Amazingly, though, John’s response is tepid compared to his many, many previous outbursts on the show, but that doesn’t mean that Jamie’s off the hook. On the contrary, it only means that the patriarch is too busy dealing with other things, like trying to figure out who murdered his livestock and why. He’s convinced that the villainous Dan Jenkins (Danny Huston), a constant thorn in his side since last season, is the man responsible for the act. After all, when the two men briefly met over breakfast a few episodes back, Dan did promise that he was going to destroy John’s empire.
The thing is, Dan very well may not be the man responsible for this particular bit of war. Or, at least that’s the conclusion that Kayce comes to after he violently confronts him and one of his men with a Yellowstone ranch hand. “I don’t even know how to kill cows,” Dan repeatedly claims throughout the hostile interrogation. “Though I wish I did.” The evident animosity notwithstanding Kayce believes him, but struggles to convince John of his findings as he stubbornly believes that Dan is somehow still involved.
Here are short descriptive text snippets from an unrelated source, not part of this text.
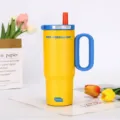 Detail view of yellow insulated tumbler with blue handle and straw, set in a clean floral scene. - Yellow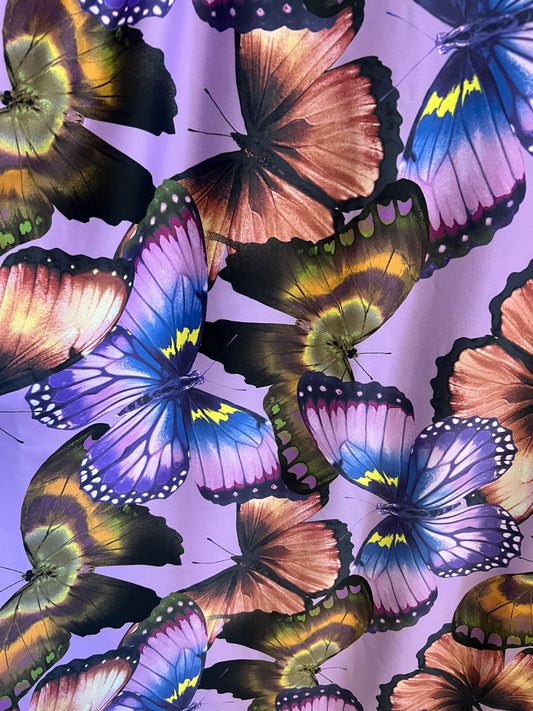 Exotic Butterfly design lavender/Multicolor print on great quality of nylon spandex 4-way stretch 58/60”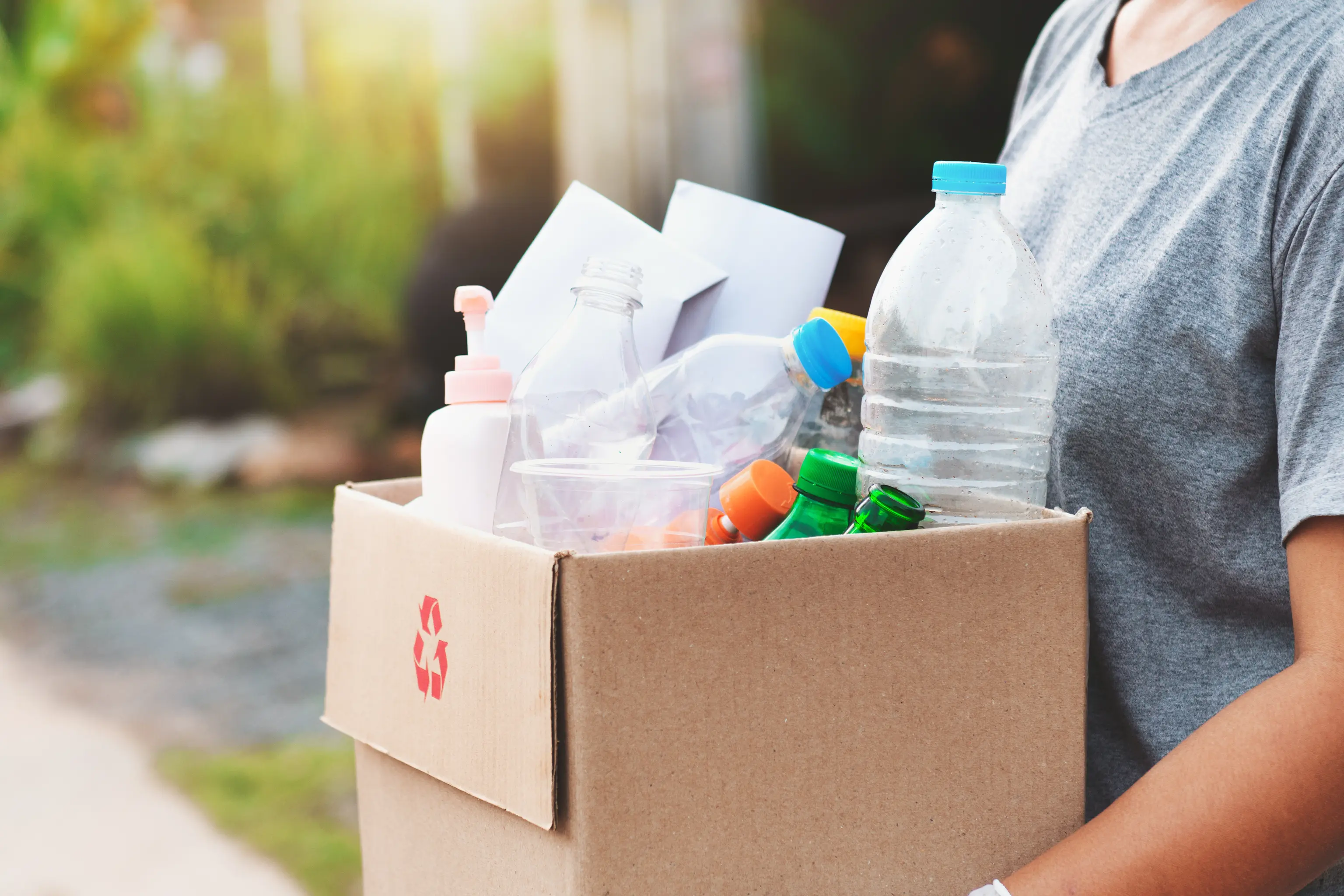 Person holding a cardboard box filled with plastic bottles and containers for recycling, outdoors in a sunny setting.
As for Yellowstone’s many other B and C plots, many of them managed to steal a minute or two in “Touching Your Enemy,” though thankfully not too much. The better (and more deserving) of these is Monica’s (Kelsey Asbille) ongoing flirtation with her physical therapist, a fellow Native American. She and her estranged husband Kayce are still married, and they still love each other deep down (and not just because of their son), but the traumatic events of the first season have taken an impregnable toll on their relationship. So far, Monica has spent this season bettering herself on her own terms. As she spends more time with Martin, however, she finally manages to have at least some fun.
Otherwise, Yellowstone ranch hand Jimmy (Jefferson White) struggles to make some extra money at a horse sliding competition but loses badly. To make matters worse, fellow ranch hand Rip (Cole Hauser) cheers on the competition at Jimmy’s expense. A couple of flashbacks to Rip and Beth’s childhood, meanwhile, offers some explanation for their tortured relationship over the years.